Note: Counries, TrafficTypes and People - as they exist now - could all be represented by Id and Name columns, but in the future may have additional fields. Maybe what I'm after is some kind of technique akin to inheritance?
Here's the diagram of what I've got:
Don't lump together things which you think are similar; they may diverge later when you need to store more information about each entity.
Is there a problem with the number of tables you have in your database?
You are probably thinking about the problem from an object oriented design position and thinking you can use some sort of "parent" table to represent the common parts - databases don't work that way.
If you are not careful you will end up with a MUCK or OTLT table.
Off the bat, I would keep seperate enties/objects/(cars vs animals) in seperate tables.
The chances of such enties overlapping properties are slim at best.
Thing is, once those entites start to evolve in your system, you will find that a single table will have hundreds of columns with singles populated per entity.

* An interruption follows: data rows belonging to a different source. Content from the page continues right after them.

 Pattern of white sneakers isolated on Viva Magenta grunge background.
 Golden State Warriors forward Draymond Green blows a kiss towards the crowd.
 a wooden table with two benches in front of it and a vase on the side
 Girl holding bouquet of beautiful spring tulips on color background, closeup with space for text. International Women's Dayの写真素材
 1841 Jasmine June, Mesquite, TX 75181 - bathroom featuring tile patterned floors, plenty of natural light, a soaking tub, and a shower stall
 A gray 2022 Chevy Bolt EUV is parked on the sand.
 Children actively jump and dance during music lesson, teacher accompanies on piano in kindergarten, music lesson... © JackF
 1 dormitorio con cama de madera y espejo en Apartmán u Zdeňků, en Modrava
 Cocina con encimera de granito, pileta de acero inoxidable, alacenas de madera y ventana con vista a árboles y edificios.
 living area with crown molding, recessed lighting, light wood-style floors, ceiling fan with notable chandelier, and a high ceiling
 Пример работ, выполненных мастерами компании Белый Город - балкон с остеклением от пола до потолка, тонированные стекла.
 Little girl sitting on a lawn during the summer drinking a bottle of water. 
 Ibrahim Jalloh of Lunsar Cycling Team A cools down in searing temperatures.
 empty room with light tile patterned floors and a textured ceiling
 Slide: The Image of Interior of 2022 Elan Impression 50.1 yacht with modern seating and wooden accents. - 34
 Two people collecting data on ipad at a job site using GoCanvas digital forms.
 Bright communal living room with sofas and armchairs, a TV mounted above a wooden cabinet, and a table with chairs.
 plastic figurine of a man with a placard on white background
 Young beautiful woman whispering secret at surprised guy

I don't see how inheritance applies to your case. But if you are interested in inheritance, as it applies to SQL tables or relations, here are some things to look up:
At the level of ER modeling look up "ER model specialization". This is the way the extended ER model diagrams "is A" relationships.
At the level of table design, look up "Class Table Inheritance" and "Shared primary key" for a couple of techniques that, used together, sort of mimic what inheritance does for you in an OOP. You might also want to look up "single table inheritance" for an alternative that's simpler, but can be more wasteful.
Don't worry. You're doing it right.
In a highly normalized schema, you're going to have tons of tables that are nearly identical.
As the others have said, what you're starting to consider (a generic table for multiple things) is a very bad idea and has many drawbacks.
The biggest drawback is that your relationships are made useless by it, in terms of maintaining data integrity. There's nothing stopping someone from assigning a CountryCode where a TrafficTypeId should be, and so on.
Another drawback would be that having one larger table will likely perform worse than many smaller, specialized tables; due to extra, unnecessary blocking.
Your may still want to implement some type of inheritance concept, but that'll be best done in whatever code accesses the database.